_Your instructions_:
Any pictures in the records below should be skipped; write out everything else exactly.

_Data supplied_:
::::::

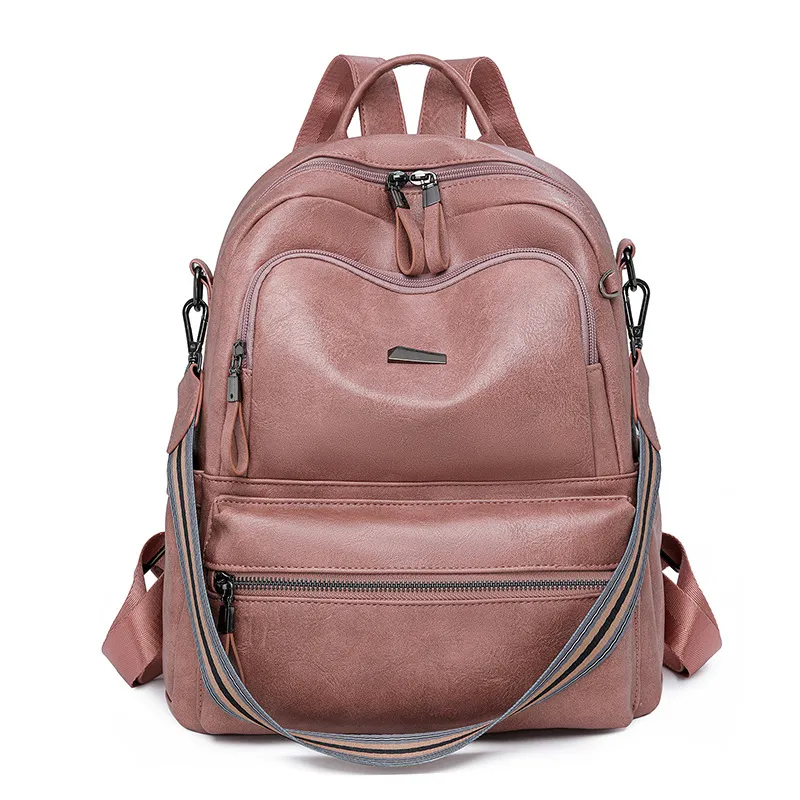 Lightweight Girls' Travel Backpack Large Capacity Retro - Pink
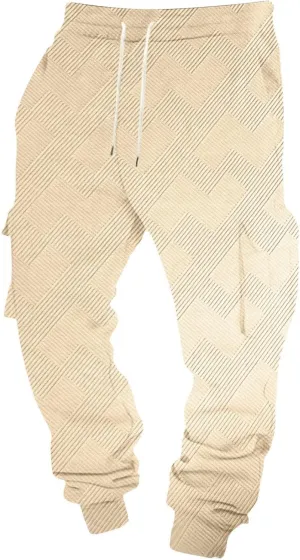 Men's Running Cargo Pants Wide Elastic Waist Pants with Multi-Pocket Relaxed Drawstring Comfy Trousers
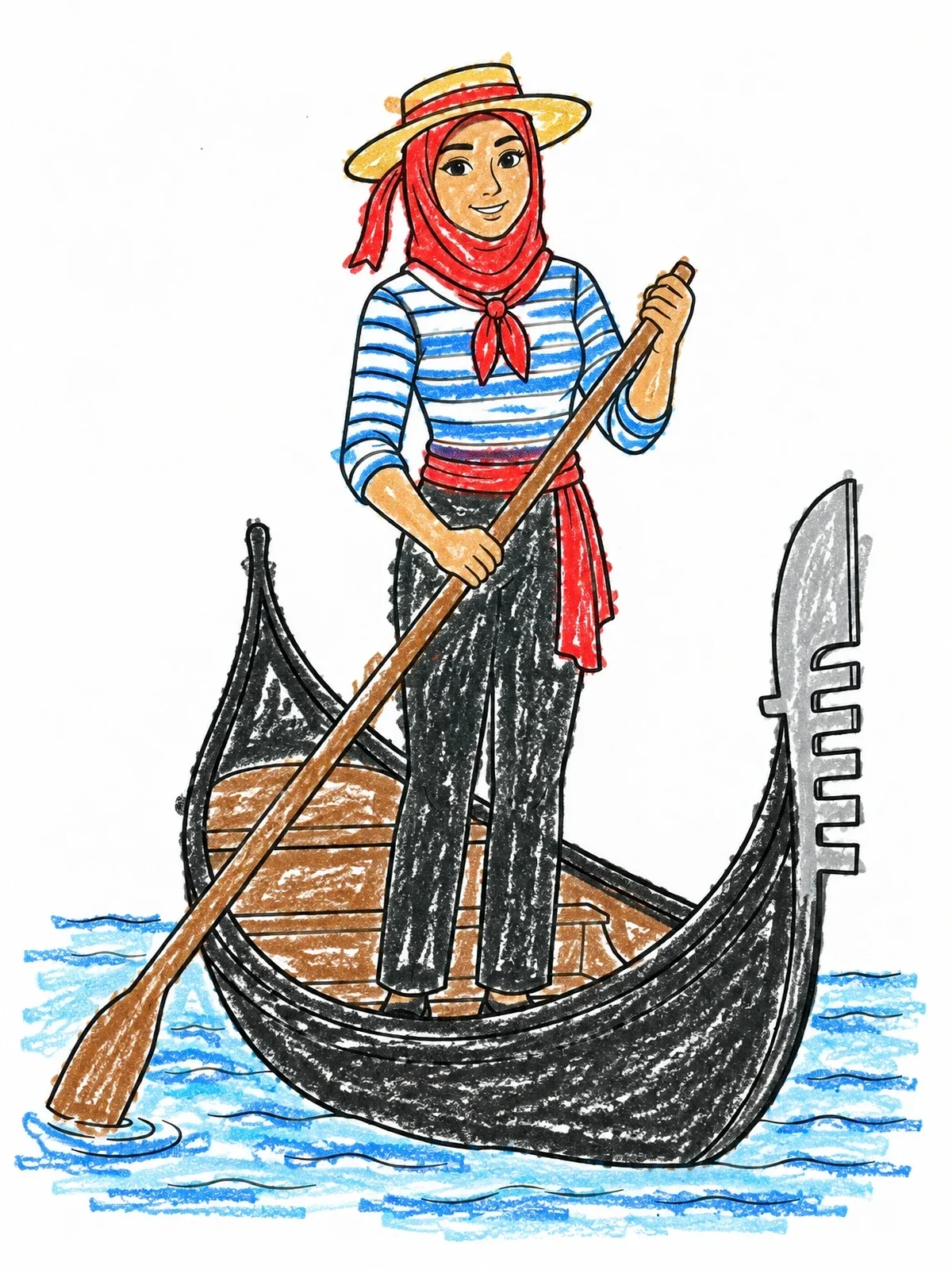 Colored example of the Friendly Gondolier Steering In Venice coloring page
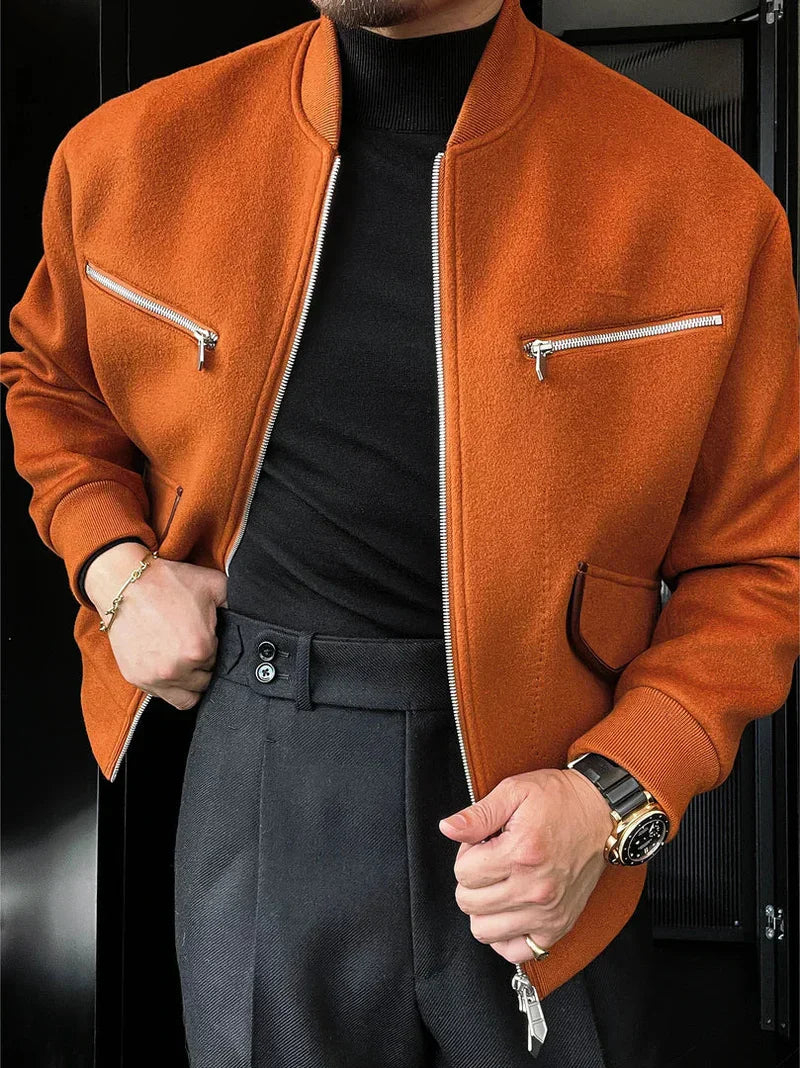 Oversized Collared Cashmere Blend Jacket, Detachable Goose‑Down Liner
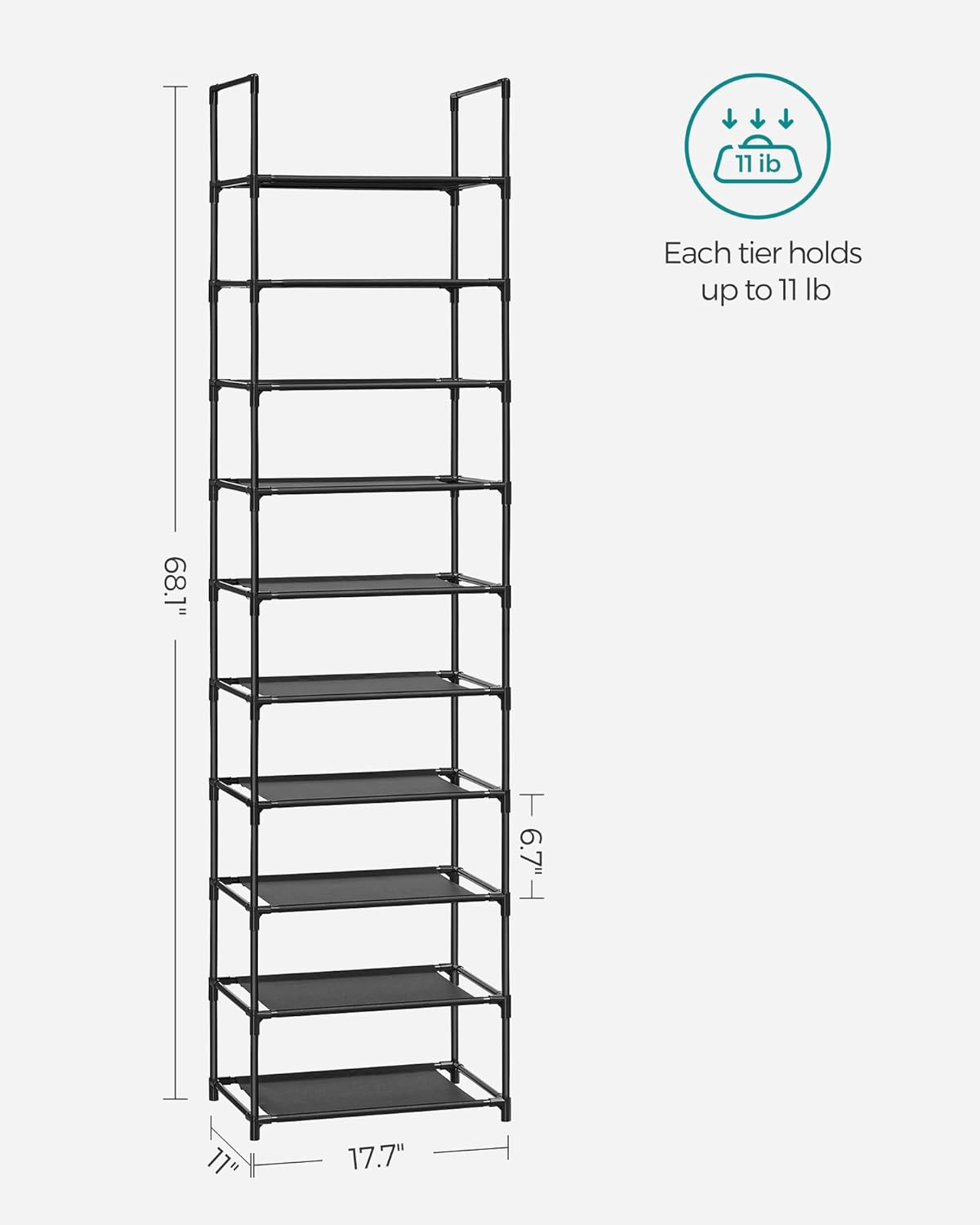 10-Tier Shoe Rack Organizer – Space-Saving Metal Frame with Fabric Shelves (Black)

::::::

_Written response_:
 Lightweight Girls' Travel Backpack Large Capacity Retro - Pink
 Men's Running Cargo Pants Wide Elastic Waist Pants with Multi-Pocket Relaxed Drawstring Comfy Trousers
 Colored example of the Friendly Gondolier Steering In Venice coloring page
 Oversized Collared Cashmere Blend Jacket, Detachable Goose‑Down Liner
 10-Tier Shoe Rack Organizer – Space-Saving Metal Frame with Fabric Shelves (Black)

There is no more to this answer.